Starring: Sandra Bullock, George Clooney
Directed by Alfonso Cuaron
What you get from a film is what you prefer to take from it.
So, Gravity could be your very own pulse-pounding, rip-roaring ride through space. With its sophisticated 3D SFX and startling camerawork, it literally positions you into the thick of the action on screen. You become one with astronauts Ryan Stone (Sandra Bullock) and Matt Kowalsky (George Clooney), get implicated and involved in their struggles in a space station 600 km from earth. You feel the urgency, danger and horror of these sole survivors of an aborted mission as they try to find their way back to earth. This is cinema at its most participative and not just for being a thrilling, simulated ride. In many a breathtaking, beautiful scene—like that of the sunrise—you can feel both the transcendental beauty and cold vastness of the final frontier. You can experience the meaning of eternity in the almost silent, meditative visuals.
At another level, Gravity could well be a love story, a touch and go romance that was never meant to be beyond a bit of a banter about the colour of Stone’s eyes or the devastating good looks of Kowalsky.

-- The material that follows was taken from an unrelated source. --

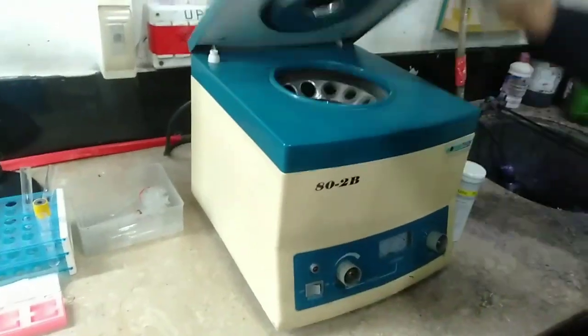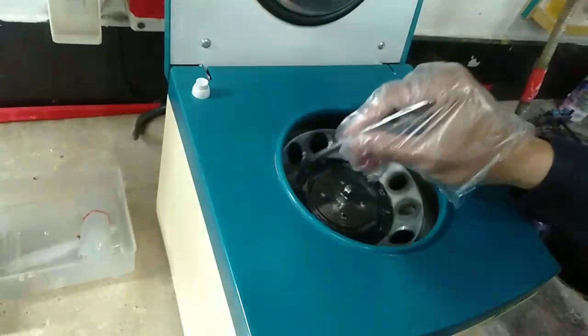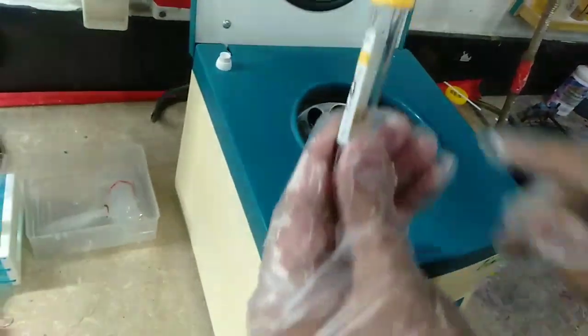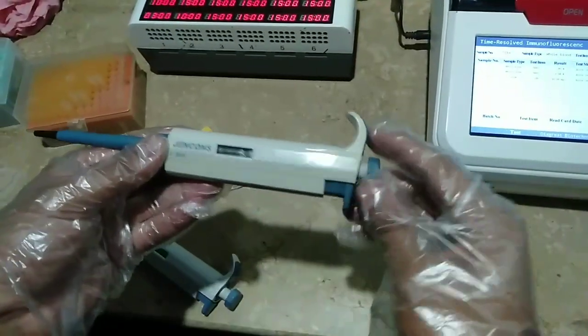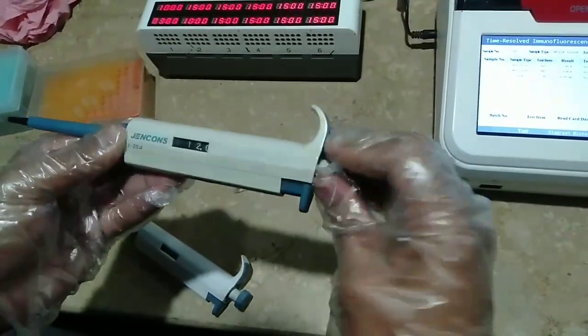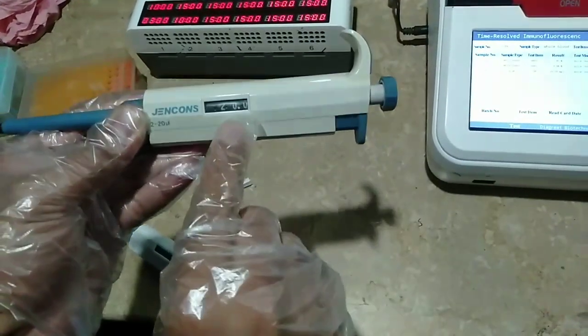After a few minutes of centrifugation, what we will get is serum. So we will turn off the machine, as you can see. Then we will take out the blood — as you can see, this is the yellow portion, which is the serum. Then we will set the pipette to 20 microlitre — so now it is set to 20 microlitre.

There is something heart-tugging in the way the medical researcher on her first mission and the retiring NASA veteran are bound to each other, literally, and talk shop to stay afloat and alive. But only for a while. Soon Kowalsky has to teach Stone the most important lesson in life: to let go.

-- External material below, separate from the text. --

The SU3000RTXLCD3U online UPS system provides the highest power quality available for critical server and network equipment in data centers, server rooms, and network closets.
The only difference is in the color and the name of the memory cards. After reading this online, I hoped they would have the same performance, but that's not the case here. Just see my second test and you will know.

More wisdom follows. Like the best of sci-fi, the power of Gravity is in the spiritual force and philosophic vision that lies deep inside its very core. At the start of the film, Stone says it’s the silence in outer space that she likes best. A silence which eventually begins to gnaw at her mind. She craves human voice. Gravity, then, is an allegory about a lost soul trying to find anchor. Hit by a bottomless, gravity-defying tragedy and the horror of death, running away from rather than confronting her intense grief and drifting futilely in life, it’s about Stone eventually fighting free and getting her feet to the ground. A poignant shot of a floating teardrop vividly captures her sadness. There’s no one special down there to look up for her, nobody to pray or mourn for her. Space then is safe, Kowalsky tells her mockingly. Space is where she can tune herself out, inure herself so no one can hurt her. But then what’s the point in living? Gravity could well be a tale of any lonely, stranded soul like her deciding not to quit and starting to live. Directed by Alphonso Cuaron (Y Tu Mama Tambien), Gravity is not just the force that Newton discovered, but it’s that one significant pull that makes the abandoned find home.

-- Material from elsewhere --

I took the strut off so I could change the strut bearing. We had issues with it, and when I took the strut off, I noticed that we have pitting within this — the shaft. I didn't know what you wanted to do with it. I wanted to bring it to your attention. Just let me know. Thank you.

> "This is cinema at its most participative and not just for being a thrilling, simulated ride. In many a breathtaking, beautiful scene—like that of the sunrise—you can feel both the transcendental beauty and cold vastness of the final frontier. You can experience the meaning of eternity in the almost silent, meditative visuals."
I fully agree. What a ride!
A little underwhelmed. How a craft designed to reenter the earth's atmosphere fails to stay afloat after splashdown is one of several things that don't add up.